Earlier attempts to map the inner core, published by Pang and other seismologists, had only looked at data from a single seismic array, or patches of the inner core.

"For the first time we confirmed that this kind of inhomogeneity is everywhere inside the inner core," says Pang, who completed the work as part of his PhD studies at the University of Utah.

By inhomogeneity, Pang means Earth's inner core isn't one uniform mass, but riddled with texture that serves as a record of how it formed – and may evolve under sustained geodynamical forces and torques.

The team analyzed seismic data from some 2,455 earthquakes that were strong enough to reflect from Earth's inner core and return to the surface with detectable changes in their waves.

"This signal that comes back from the inner core is really tiny. The size is about on the order of a nanometer," explains University of Utah seismologist and study author Keith Koper. "So these baby echoes and reflections are very hard to see" in seismic data.

From those readings, Koper, Pang and colleagues stitched together a three-dimensional map representing the relative strengths of seismic waves scattered by Earth's inner core, revealing undulations and wrinkles less than 10 kilometers across.

Map of strength of seismic wave scattering of Earth's inner core.
Earth's inner core (across the equatorial plane, A) creates a patchwork of seismic wave scattering strengths.
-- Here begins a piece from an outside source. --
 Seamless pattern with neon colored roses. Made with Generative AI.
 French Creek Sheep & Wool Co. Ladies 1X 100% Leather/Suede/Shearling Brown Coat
Scattering becomes stronger closer to the core's center (B). (Pang et al., Nature, 2023)

Those irregularities became more pronounced towards the center, the seismic waves scattering further once they passed 500 to 800 kilometers below the boundary between Earth's inner and outer cores.

This patterning suggests Earth's inner core went through a period of rapid growth, then slowly began to harden into the solid lump of mostly iron we know it is today.

Some liquid iron might have been trapped at the deepest depths and "would freeze later in time", the researchers write in their published paper, "presumably leading to a distinct texture compared with the upper part of the inner core."

While we might better appreciate the complex inner landscape precipitating deep beneath our feet, the job is not done yet for geoscientists like Pang and Koper.

"Continued seismic mapping of inner core fabric is important because the fabric records the history and evolution of Earth's core, which in turn, bear on the history and evolution of Earth's magnetic field, convection in the fluid outer core and heat flow into the base of the mantle," the researchers note.

Understanding those things and continuing to monitor core-penetrating earthquakes might also help us keep an eye on when Earth's inner core next stops spinning.

The study has been published in Nature.